» What you should do: For the data that follows, print the line with "Foot disease Rheumatism", the line with "Generation Of Forebrain", and all lines between them, exactly as they stand. Omit pictures and add nothing.

» Data:
____

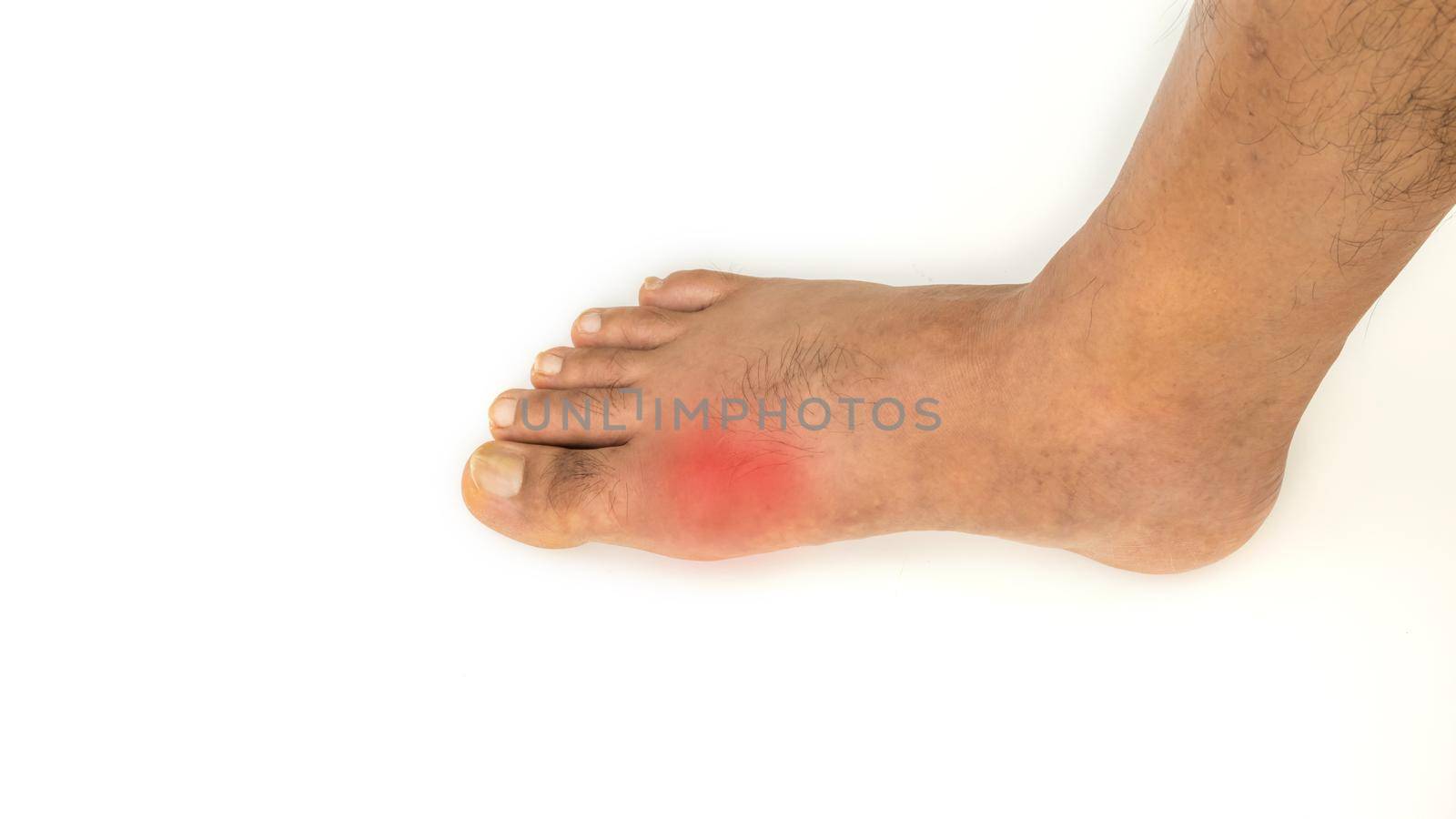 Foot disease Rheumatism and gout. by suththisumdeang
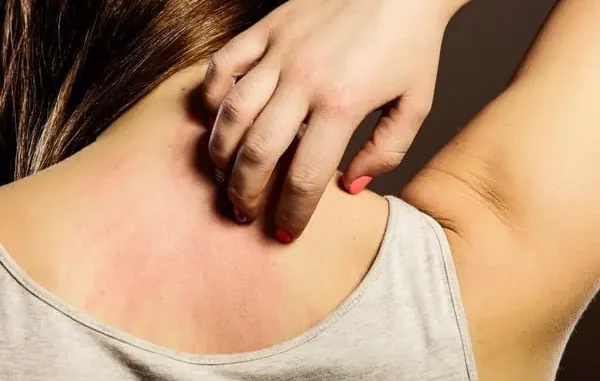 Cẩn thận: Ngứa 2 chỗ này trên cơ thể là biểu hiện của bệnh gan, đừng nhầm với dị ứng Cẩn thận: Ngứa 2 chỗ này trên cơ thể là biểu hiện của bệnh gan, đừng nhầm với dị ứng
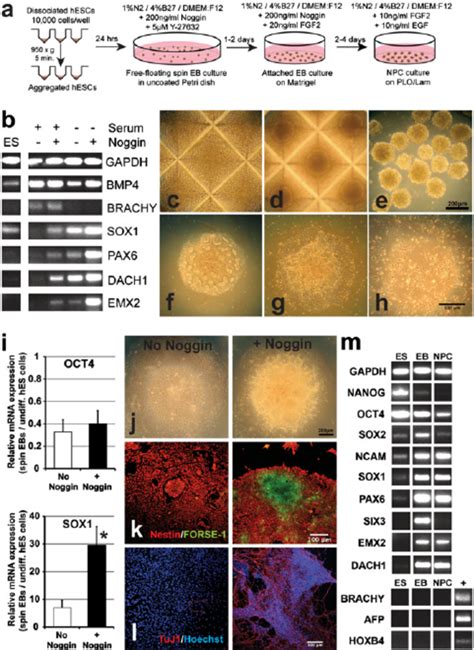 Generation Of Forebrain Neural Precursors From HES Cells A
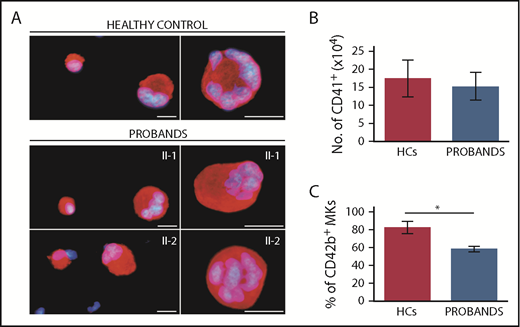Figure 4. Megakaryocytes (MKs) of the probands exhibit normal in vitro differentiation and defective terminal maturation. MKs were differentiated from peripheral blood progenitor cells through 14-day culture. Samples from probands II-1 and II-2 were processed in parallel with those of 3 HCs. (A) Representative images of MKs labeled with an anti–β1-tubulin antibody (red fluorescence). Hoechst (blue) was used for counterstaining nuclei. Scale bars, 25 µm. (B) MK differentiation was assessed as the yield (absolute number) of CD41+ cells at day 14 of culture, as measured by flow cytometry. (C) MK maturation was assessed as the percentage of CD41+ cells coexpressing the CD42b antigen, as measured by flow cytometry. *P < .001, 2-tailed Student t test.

____

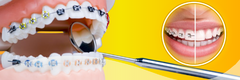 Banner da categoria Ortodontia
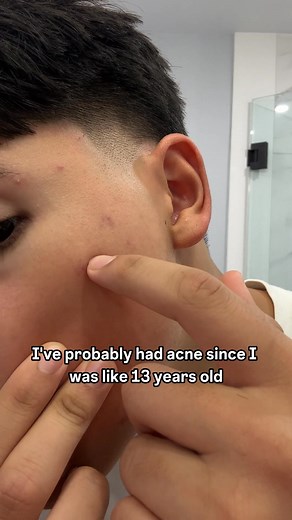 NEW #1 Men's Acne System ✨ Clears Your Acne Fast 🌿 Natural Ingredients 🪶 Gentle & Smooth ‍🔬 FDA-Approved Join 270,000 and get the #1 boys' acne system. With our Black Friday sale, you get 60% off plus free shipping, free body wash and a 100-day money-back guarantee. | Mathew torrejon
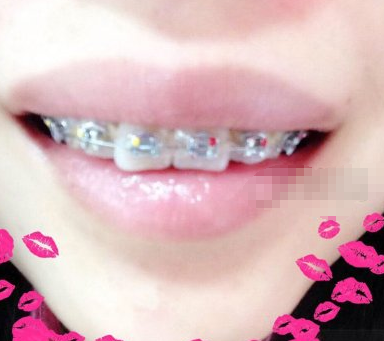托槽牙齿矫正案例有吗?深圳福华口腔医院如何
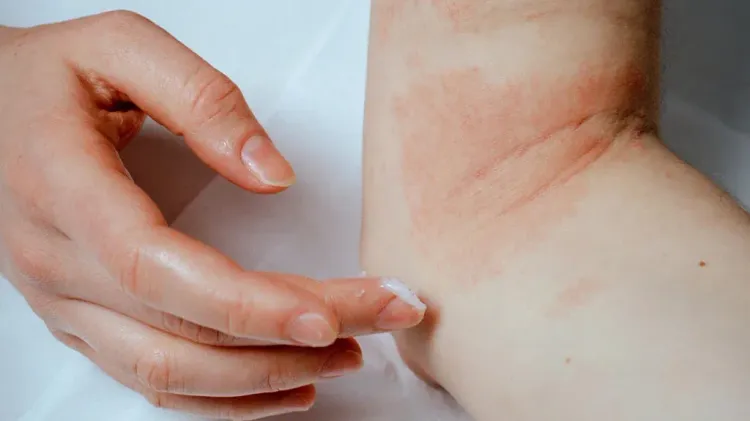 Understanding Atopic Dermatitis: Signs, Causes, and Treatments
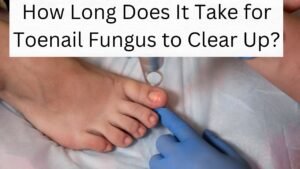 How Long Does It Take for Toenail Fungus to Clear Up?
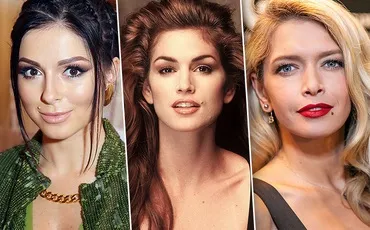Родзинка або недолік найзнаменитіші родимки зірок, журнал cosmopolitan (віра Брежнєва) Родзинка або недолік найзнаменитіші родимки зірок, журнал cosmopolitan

____

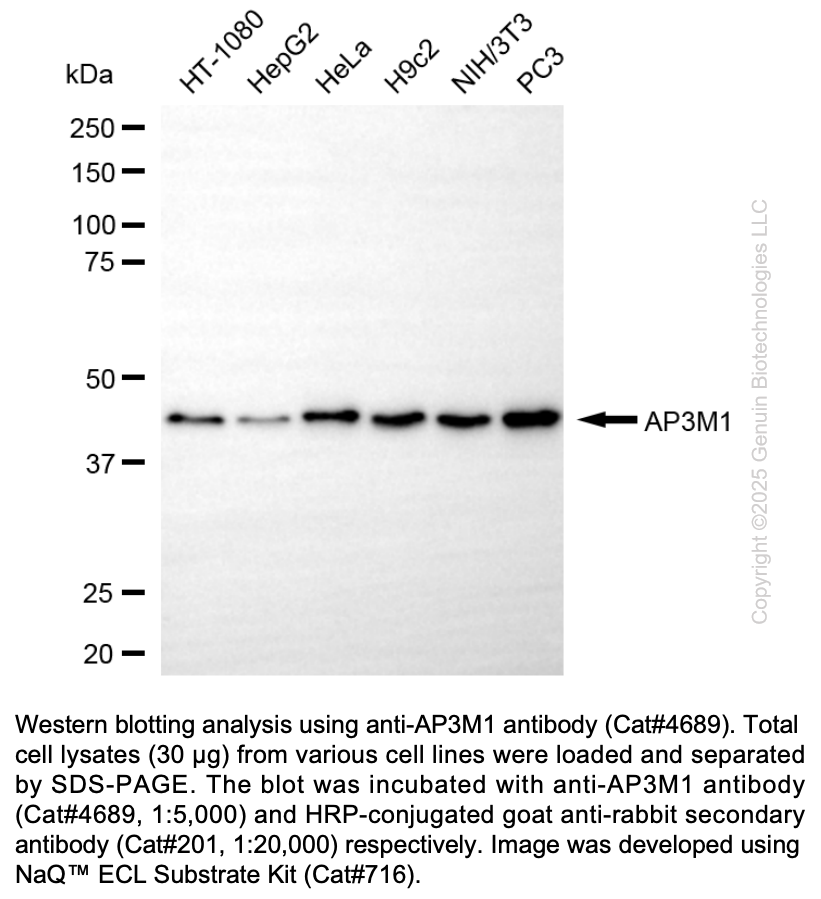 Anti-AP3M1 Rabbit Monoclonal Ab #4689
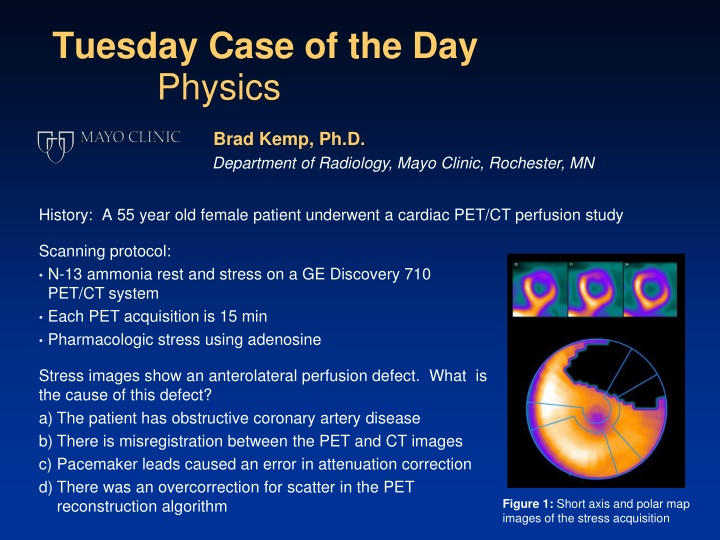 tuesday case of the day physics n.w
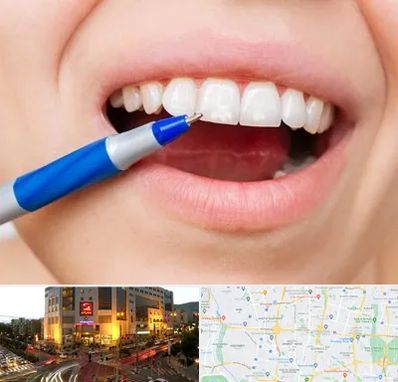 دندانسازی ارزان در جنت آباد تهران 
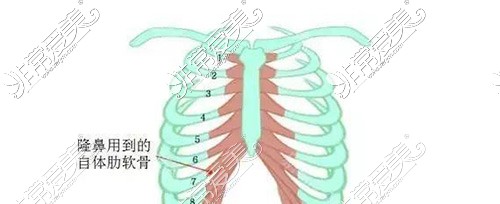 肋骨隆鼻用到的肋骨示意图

____

» Reply to the exercise:
 Foot disease Rheumatism and gout. by suththisumdeang
 Cẩn thận: Ngứa 2 chỗ này trên cơ thể là biểu hiện của bệnh gan, đừng nhầm với dị ứng Cẩn thận: Ngứa 2 chỗ này trên cơ thể là biểu hiện của bệnh gan, đừng nhầm với dị ứng
 Generation Of Forebrain Neural Precursors From HES Cells A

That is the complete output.